Filed under: Better Travel — admin @ 11:00 pm

Purchasing and selling homes on a public auction should be easy and beneficial for equally parties. Locate a public sale though is not a very easy procedure. Details concerning the house for sale on auctions can be published in the regional and national media, or on UK property site. Property agents habitually possess particulars of assets to be auctioned as well. On the other hand the easiest way of finding public auctions is to take note of the telephone numbers of any “Auction Sale” notice.

There’s typically a fee to be listed on the auctioneers emailing catalogue and for obtaining a catalogue with pictures and information that concern the properties. Free lists are normally ineffective.

You’ve just got almost one month to realize what’s imminent on by sale, so act as shortly as possible.

The kind of residence commonly auctioned are the one-offs that property agencies consider not easy to assess or to offer on the market, although they have development potential.

Public sales are also attention-grabbing for the repossession estates offered for sale by credit lenders, which normally are good deal and hold small reserve prices. As soon as possible before the auction pop in and possess a look at the property. Examine the quarter and, very important, arrange with your legal representative to fulfil the needed survey - like an official survey and a professional valuation. Properties in France are great investment alternative to auctions, especially in today’s economic climate.

It’s sensible to decide your funds, and more essential, set up the economics to pay a in general 10 per cent on the public sale day, and the outstanding 90 percent in the next twenty eight days after the agreement. If your bid is triumphant, you will pay in advance the ten per cent to the auctioneer there and the seller’s representative will underwrite the Memorandum of Agreement. Penalties for disappointment to protect the fixed price are serious.
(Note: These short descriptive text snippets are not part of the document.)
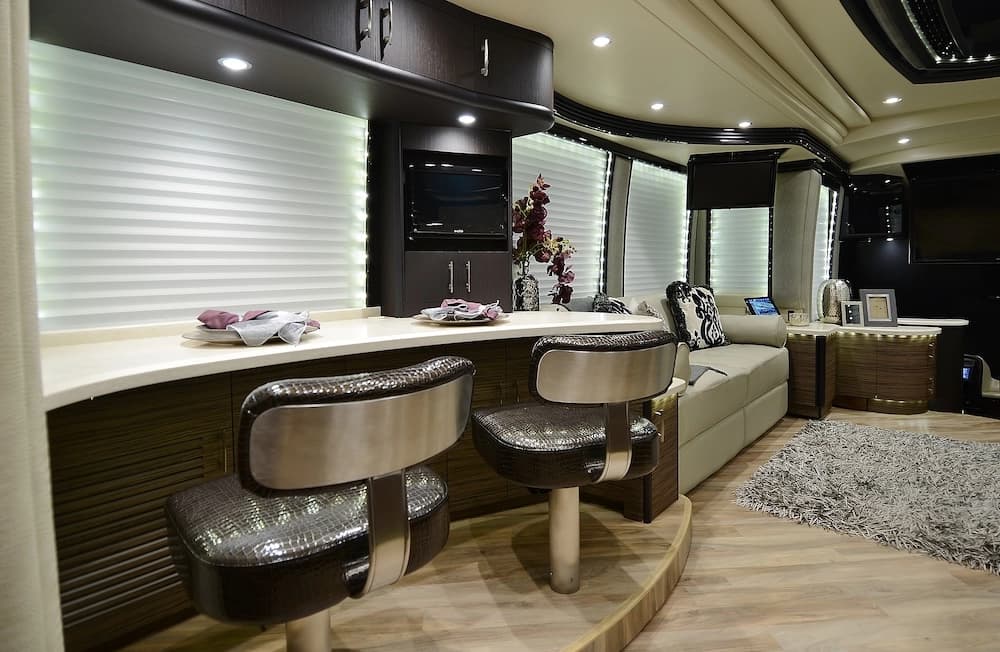 2015 Prevost Liberty Elegant Lady H3-45 Motorhome - Image 17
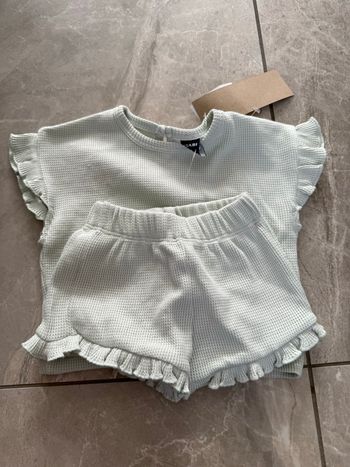 Ensemble short fille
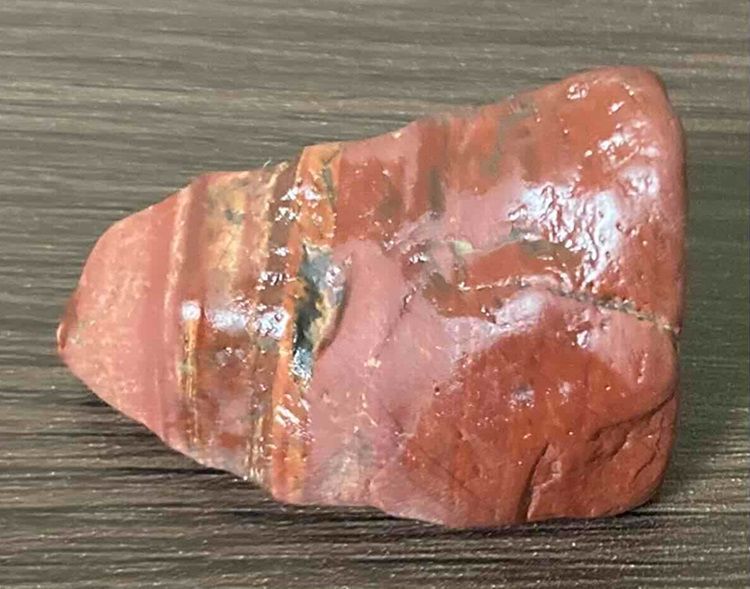 ジャスパー 925g 碧玉 原石 鑑賞石 自然石 誕生石 鉱物 鉱石 水石 赤石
Memorize that if you lose the bid you will lose all the money you have wasted on the survey plus the legal costs, but it is a good idea informing the negotiator of the figure you will be equipped to invest for the particular estate that has been withdrawn; you never know, in a quantity of cases the vendor might be keen to consider your offer.

The auction agreement is equivalent to swap of contracts in the usual sale by private contract. Which also suggests that the potential purchaser can not be gazumped and the trader does not have to be nervous of final cost renegotiations.